What is expected — Once the line containing "Birthmark On The Neck Of A Man ." is found in the entries below, reproduce it and every line after it, stopping at and including the line containing "braces-before-after"; reproduce nothing else, and keep each line exact.

Recorded data —
────────────────────────────────────────

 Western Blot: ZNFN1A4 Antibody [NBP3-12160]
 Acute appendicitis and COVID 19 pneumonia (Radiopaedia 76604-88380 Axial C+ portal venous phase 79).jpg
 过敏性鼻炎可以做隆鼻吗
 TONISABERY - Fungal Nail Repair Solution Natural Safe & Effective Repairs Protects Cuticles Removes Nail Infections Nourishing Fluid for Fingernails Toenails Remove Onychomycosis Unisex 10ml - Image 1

────────────────────────────────────────

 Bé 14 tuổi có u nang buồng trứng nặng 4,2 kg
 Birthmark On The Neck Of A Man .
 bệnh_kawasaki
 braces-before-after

────────────────────────────────────────

Solution —
 Birthmark On The Neck Of A Man .
 bệnh_kawasaki
 braces-before-after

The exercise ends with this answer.